Scan the lines below for the string "with" and copy every one that has it.
(Data shown)
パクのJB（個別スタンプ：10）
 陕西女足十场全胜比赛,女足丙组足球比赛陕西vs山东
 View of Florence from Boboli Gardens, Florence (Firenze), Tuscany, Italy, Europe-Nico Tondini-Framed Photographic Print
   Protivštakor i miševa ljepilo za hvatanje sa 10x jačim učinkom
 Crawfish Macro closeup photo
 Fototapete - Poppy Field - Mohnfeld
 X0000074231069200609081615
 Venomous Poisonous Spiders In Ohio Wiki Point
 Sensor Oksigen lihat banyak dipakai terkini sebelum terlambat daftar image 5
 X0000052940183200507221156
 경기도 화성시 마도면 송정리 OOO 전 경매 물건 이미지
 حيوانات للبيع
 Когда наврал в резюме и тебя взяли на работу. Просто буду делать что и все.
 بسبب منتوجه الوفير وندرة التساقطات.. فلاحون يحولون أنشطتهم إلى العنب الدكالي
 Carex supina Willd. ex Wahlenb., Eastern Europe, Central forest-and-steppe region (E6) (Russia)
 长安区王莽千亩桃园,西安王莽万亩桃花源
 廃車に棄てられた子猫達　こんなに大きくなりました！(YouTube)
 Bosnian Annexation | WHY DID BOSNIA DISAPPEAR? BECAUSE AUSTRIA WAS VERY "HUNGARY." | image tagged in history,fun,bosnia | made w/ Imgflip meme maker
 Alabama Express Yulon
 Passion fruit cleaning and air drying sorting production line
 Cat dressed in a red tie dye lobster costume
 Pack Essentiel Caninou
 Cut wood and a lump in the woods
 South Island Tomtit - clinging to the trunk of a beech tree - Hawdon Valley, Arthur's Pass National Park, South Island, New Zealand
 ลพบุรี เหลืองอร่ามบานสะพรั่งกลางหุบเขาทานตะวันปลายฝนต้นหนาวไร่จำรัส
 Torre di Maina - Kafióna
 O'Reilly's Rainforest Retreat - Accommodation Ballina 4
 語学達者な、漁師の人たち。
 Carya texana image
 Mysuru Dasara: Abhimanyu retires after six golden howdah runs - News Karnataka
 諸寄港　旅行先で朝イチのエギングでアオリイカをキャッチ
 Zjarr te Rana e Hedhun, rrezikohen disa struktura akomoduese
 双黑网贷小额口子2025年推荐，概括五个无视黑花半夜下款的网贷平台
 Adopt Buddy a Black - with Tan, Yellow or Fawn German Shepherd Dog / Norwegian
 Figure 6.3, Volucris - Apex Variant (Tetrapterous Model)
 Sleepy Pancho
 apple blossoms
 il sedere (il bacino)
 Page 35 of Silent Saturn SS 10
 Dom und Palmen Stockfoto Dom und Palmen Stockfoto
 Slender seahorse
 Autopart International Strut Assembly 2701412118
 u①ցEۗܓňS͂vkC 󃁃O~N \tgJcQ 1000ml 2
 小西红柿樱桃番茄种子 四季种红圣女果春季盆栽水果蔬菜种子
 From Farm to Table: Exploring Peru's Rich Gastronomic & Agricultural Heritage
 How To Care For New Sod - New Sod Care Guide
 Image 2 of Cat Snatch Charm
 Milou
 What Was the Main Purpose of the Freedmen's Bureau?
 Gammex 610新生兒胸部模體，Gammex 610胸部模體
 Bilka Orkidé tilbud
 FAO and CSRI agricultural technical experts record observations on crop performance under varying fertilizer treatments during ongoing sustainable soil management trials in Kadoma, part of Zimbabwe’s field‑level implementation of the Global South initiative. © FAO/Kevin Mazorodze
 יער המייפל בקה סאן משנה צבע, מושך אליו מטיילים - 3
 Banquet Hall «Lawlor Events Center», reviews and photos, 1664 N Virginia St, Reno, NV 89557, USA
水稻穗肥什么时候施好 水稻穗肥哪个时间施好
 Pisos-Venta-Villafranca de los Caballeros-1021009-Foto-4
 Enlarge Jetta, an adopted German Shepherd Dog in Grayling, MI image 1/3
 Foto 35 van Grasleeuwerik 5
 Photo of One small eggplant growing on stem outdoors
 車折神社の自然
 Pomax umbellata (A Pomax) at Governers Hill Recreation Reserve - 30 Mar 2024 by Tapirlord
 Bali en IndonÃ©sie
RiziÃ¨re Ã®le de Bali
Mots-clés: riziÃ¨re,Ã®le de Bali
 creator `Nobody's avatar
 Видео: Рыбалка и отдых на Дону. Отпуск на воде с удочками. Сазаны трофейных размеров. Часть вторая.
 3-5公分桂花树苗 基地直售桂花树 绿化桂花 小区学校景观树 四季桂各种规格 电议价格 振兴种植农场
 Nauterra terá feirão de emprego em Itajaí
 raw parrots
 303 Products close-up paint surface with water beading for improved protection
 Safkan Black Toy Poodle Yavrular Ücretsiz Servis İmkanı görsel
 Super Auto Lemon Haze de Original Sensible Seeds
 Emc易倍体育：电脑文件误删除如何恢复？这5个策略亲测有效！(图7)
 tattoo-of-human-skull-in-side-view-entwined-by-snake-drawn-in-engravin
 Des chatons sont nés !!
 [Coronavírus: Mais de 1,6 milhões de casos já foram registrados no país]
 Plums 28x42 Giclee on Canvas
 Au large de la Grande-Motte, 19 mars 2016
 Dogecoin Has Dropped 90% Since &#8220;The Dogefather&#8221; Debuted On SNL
(End Data shown)
Solution to the exercise>
 Adopt Buddy a Black - with Tan, Yellow or Fawn German Shepherd Dog / Norwegian
 303 Products close-up paint surface with water beading for improved protection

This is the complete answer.